Friday, March 27, 2015

Jesus Without Borders, by Chad Gibbs

Chad Gibbs is a funny guy with a sense of adventure and a craving to experience culture and life around the world.  He pours all of that into his new book, Jesus Without Borders: What Planes, Trains, and Rickshaws Taught Me About Jesus.  Having lived his whole life in the South, Chad decided he needed to spread his wings a bit and gain some perspective on global Christianity.

On one level, Jesus Without Borders is a funny, at times hilarious, travelogue.  Chad is not ashamed to admit his ignorance and provincialism, but his eagerness to try new foods and experiences is refreshing and contagious.  I enjoyed reading about his dealing with currencies, customs, language barriers, cultures, and menus.
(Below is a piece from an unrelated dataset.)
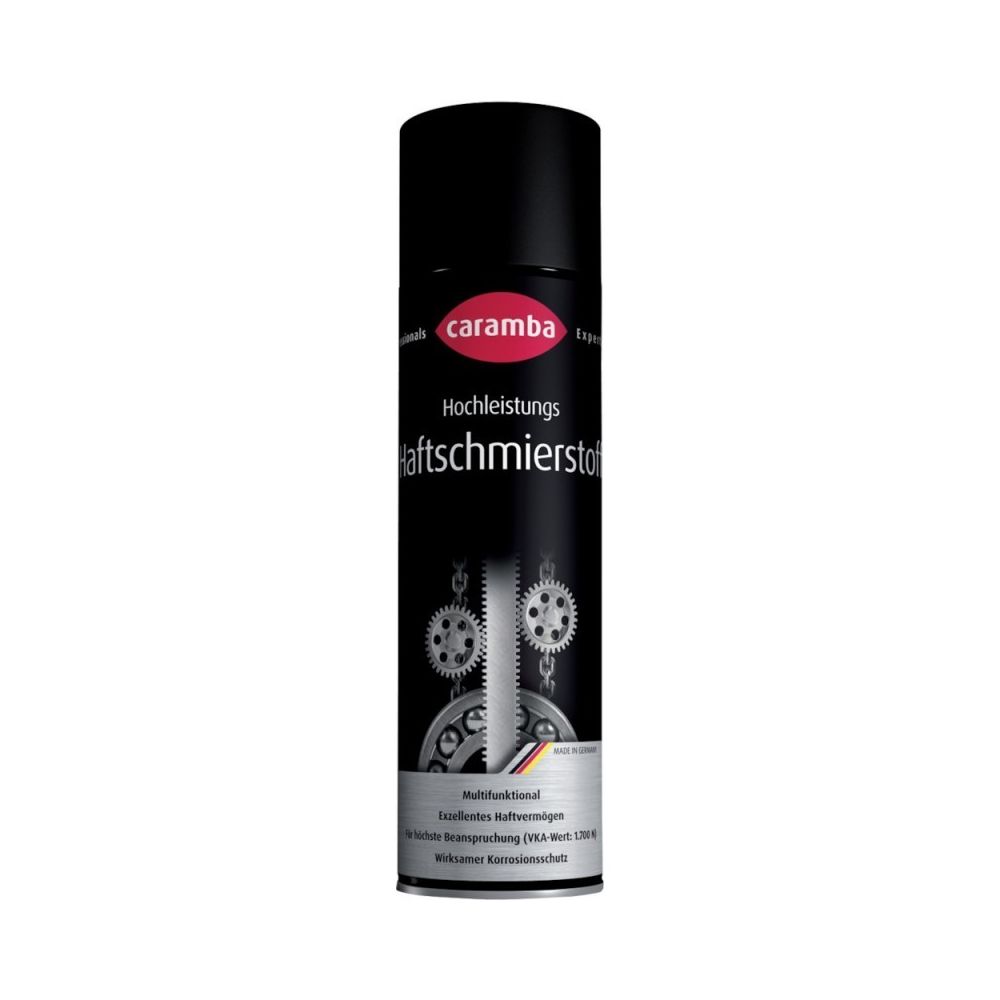 marque generique - Caramba lubrifiant adhésif haute performance 500 ml Caramba (Par 6) - Clés et douilles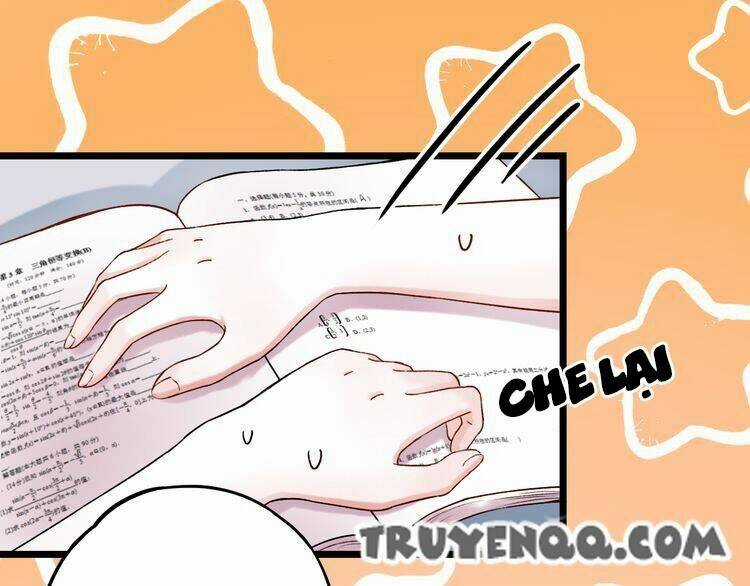 Trạch Thượng Tịch Mịch Huỳnh Hỏa Chapter 7.1 trang 40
His gastronomic adventurousness had its limits; he does admit a "twinge of guilt eating American fast food in foreign countries."  He liberally injects his goofy humor throughout.  One example: upon arriving at Oxford, Chad stops for a cup of coffee.  He quips, "I studied the menu so that, like Jay Gatsby, I could one day tell people I studied at Oxford."

More important than eating at McDonald's around the world and encountering life in other countries, Chad expands his view of the church.  He quickly learns that "It's important to reflect on how much of my faith is shaped by where I live on a map."  Refreshingly, he never disparages the Southern, American, evangelical Christianity in which he was raised, but he realizes that his tradition "make[s] up a very small part of Christianity." 

That's the greatest strength of Gibbs's book.  Don't expect a detailed travel guide to any of the places he visits.  And don't expect deep theological reflection about comparative religion.  Gibbs's simple affirmation that the slice of American Christianity he has experienced most of his life is a tiny part of the body of Christ as a whole leads him to appreciate it even more.  American evangelicals in the Bible Belt never experience being the only Christian in our school or workplace, hearing the Muslim call to prayer in our neighborhoods, or meeting for Bible study in secret.  By visiting with Christians around the world Gibbs saw his "preconceived notions" disappear, his "prejudices, some [he] didn't even know [he] had, slowly melted away," and he began to see more clearly "a line out there between patriotism and idol worship."

It's a big world.  It's a big church.  Not all of us have the opportunity to travel the world as Gibbs has.  His first-hand accounts and perspective on global Christianity is one man's limited view, but it's a large enough view that all of us can gain some understanding, and because it's Chad Gibbs's view, enjoy a good laugh along the way.

Thanks to NetGalley and the publisher for the complimentary electronic review copy!